Janina Henkes, senior policy advisor for women, equality and gender at the German Education Union (GEW), an Education International (EI) affiliate, discussed the legislative progress and backlash in Germany. 

"The Self Determination Act for gender identity, coming into effect this November, marks a significant step towards inclusivity, yet we face heavy opposition from far-right movements."

Keturah Johnson, International Vice President of the Association of Flight Attendants-CWA (AFA-CWA) in the USA, affiliated to the International Transports Federation (ITF), shared sector-specific challenges and the union’s efforts to combat discrimination.

"Our union has long fought against discrimination based on gender identity and expression, and we continue to push for respect and safe work environments for all our members," 

Johnson remarked, pointing out the importance of respect, inclusivity, and safe working environments.

Brazil’s Rafael Mesquita, President of the Ceará Journalists' Union (Sindjorce) and director of the National Federation of Journalists (FENAJ), affiliated to the International Federation of Journalists (IFJ), discussed the role of journalism and the media in advancing LGBTI rights. 

"In Brazil, despite legislative stagnation, we have made strides in integrating LGBTI protections into collective agreements."

Marvellous Tawomhera National Young Workers Chairperson for the IUF affiliate, the Zimbabwe Catering and Hotel Workers Union (CHWU), highlighted the contrast between legal progress and societal resistance in Africa. 

"While some countries like South Africa have embraced equality, others continue to impose severe penalties on the LGBTI community."

Guillermo Ricalde from ILGA World, discussed the significant role trade unions play in advocating for LGBTI rights, noting their historical and ongoing contributions to enhancing visibility and protection for LGBTI workers.

"Our collaboration with trade unions has been instrumental in advancing LGBTI rights, despite facing substantial barriers from legal restrictions and employer practices that hinder union activities," 

Ricaldo highlighted. He stressed the importance of legal recognition and registration for LGBTI organisations to operate effectively and represent their members.

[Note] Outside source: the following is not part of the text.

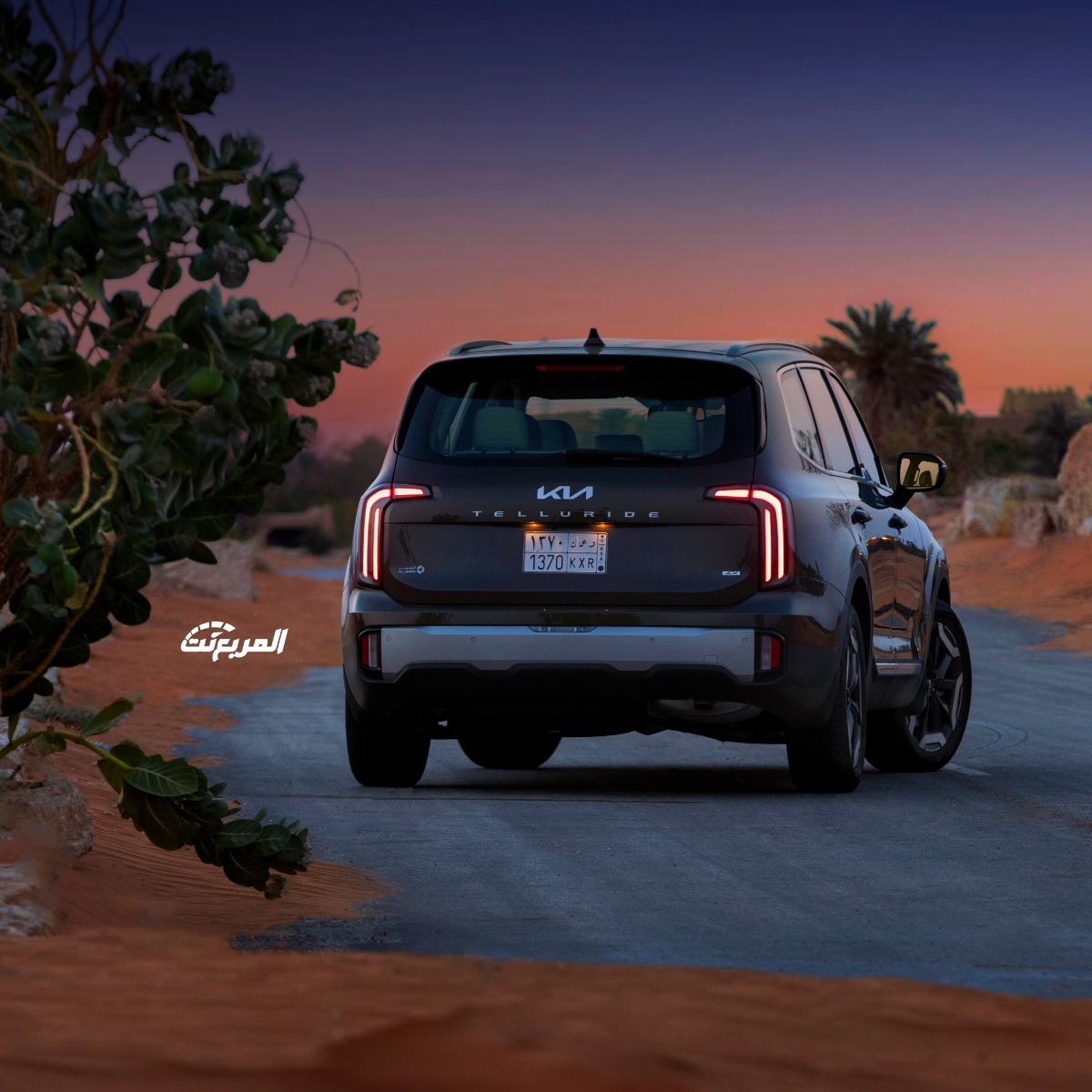 كيا تيلورايد 2023 في جلسة تصوير خاصة "16 صورة" Kia Telluride 2023 2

Sue Longley, IUF general secretary and the moderator of the event, emphasised the collective challenge and responsibility to combat discrimination not just within the labour movement but across societies. 

"Today’s discussions reinforce our commitment to defending freedom of association for all communities."

The webinar highlighted the interconnectedness of various forms of rights, as well as painting a picture of a concerted global effort to uphold and advance the rights of the LGBTI community amidst rising authoritarian and conservative tides. The discussions made it clear that the fight for LGBTI rights is linked to broader human rights agendas, including the fight against authoritarianism, the protection of freedom of association and expression, and the battle for gender equality.